(Materials provided Opens)

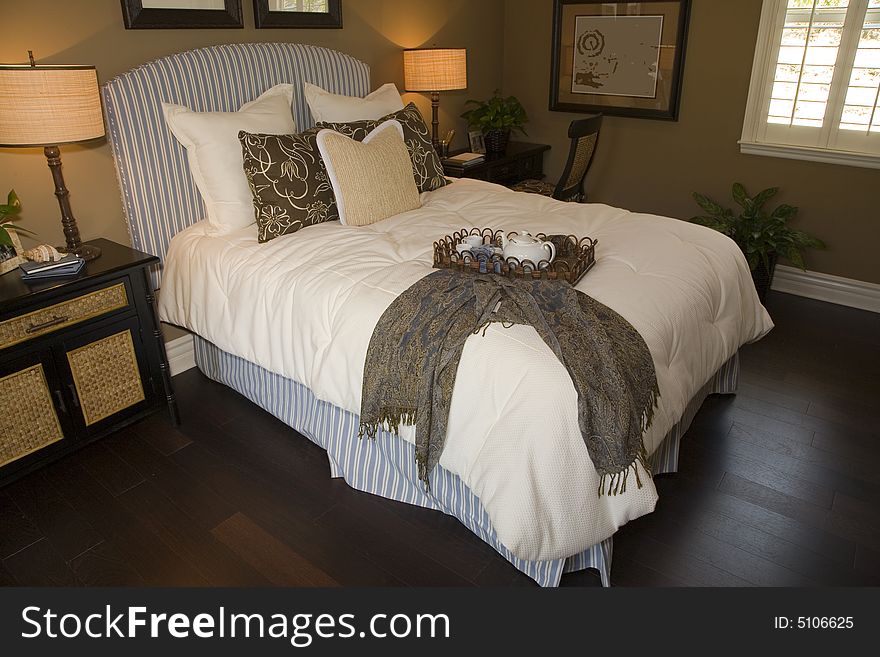 Luxury home bedroom with stylish furniture and decor. Luxury home bedroom with stylish furniture and decor.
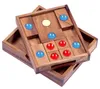 A wooden puzzle game with blue and red marbles. Produktbild-Vorschau
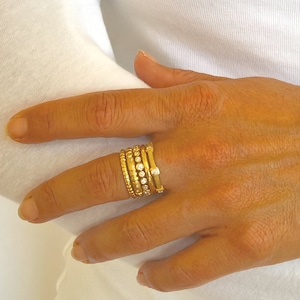 Pu&ograve; includere: Un set di cinque anelli d'oro con piccole pietre trasparenti su un dito.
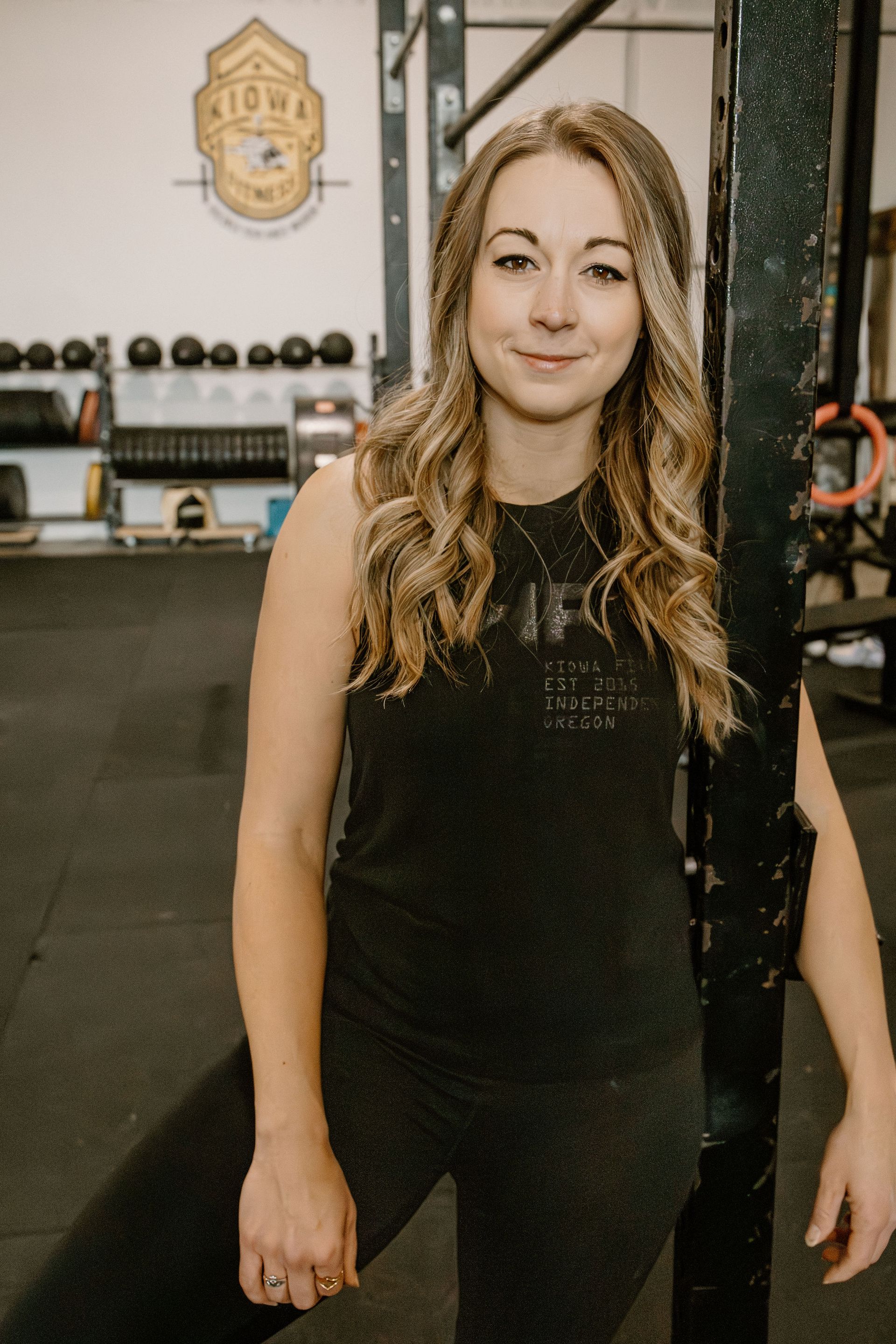 Woman in workout clothes leans against a weight rack in a gym, smiling.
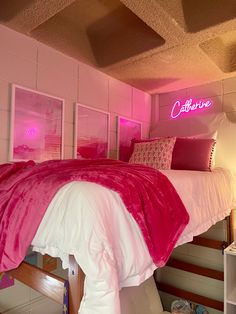 a bed with pink comforter and pillows in a room that is lit up by neon lights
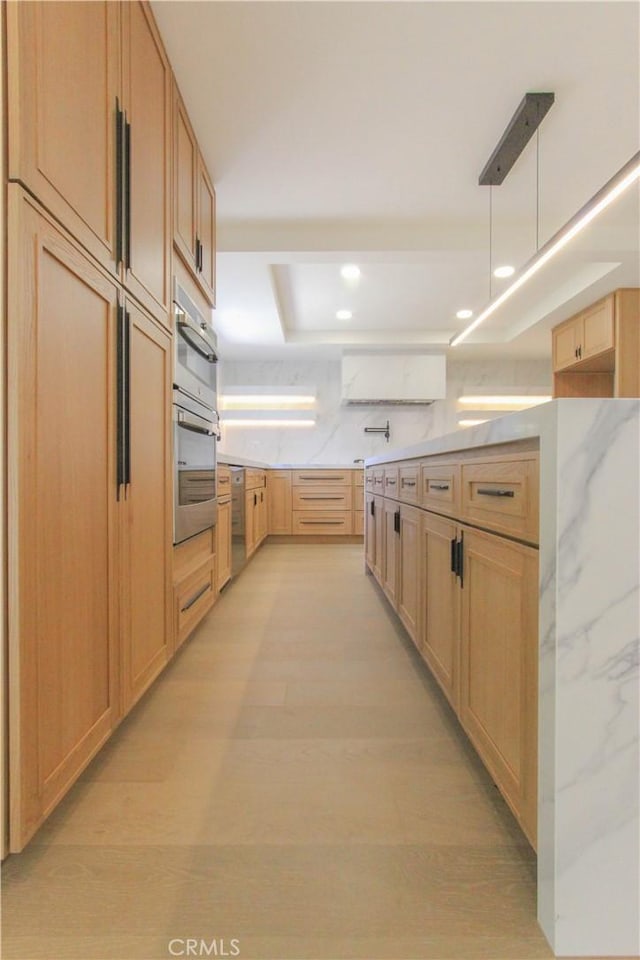 kitchen with a raised ceiling, light brown cabinetry, light wood-type flooring, recessed lighting, and light stone countertops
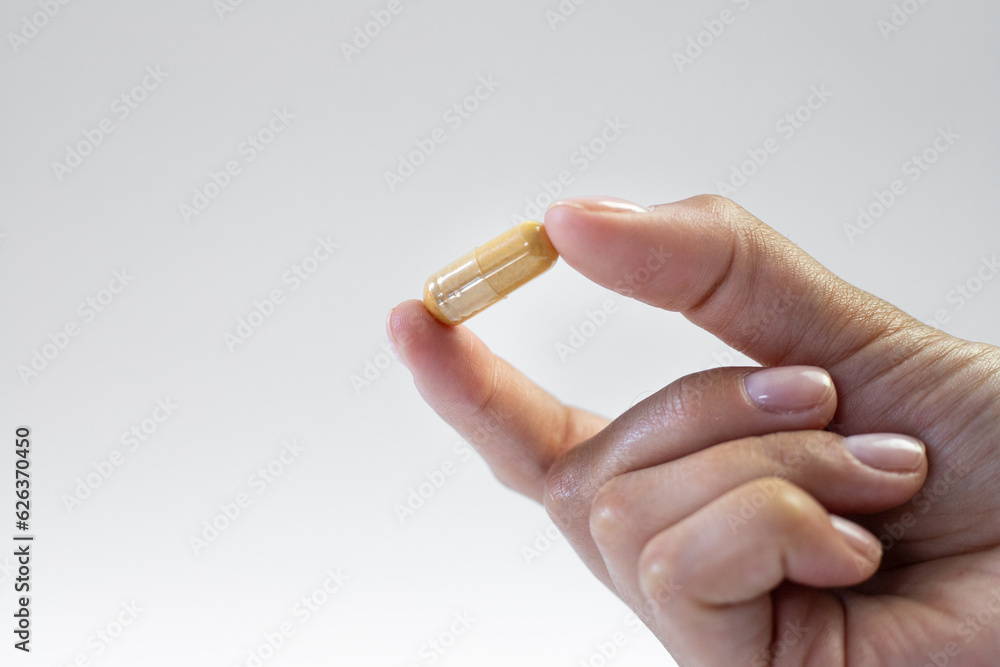 Dietary supplements capsule held in hand, healthy way of life, strengthening body and mind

(Materials provided Closes)

**What is required:** Print only the lines from the opening line of the listing to the line containing "A wooden puzzle", inclusive, exactly as they appear and without pictures.

**Final answer:**
 Luxury home bedroom with stylish furniture and decor. Luxury home bedroom with stylish furniture and decor.
 A wooden puzzle game with blue and red marbles. Produktbild-Vorschau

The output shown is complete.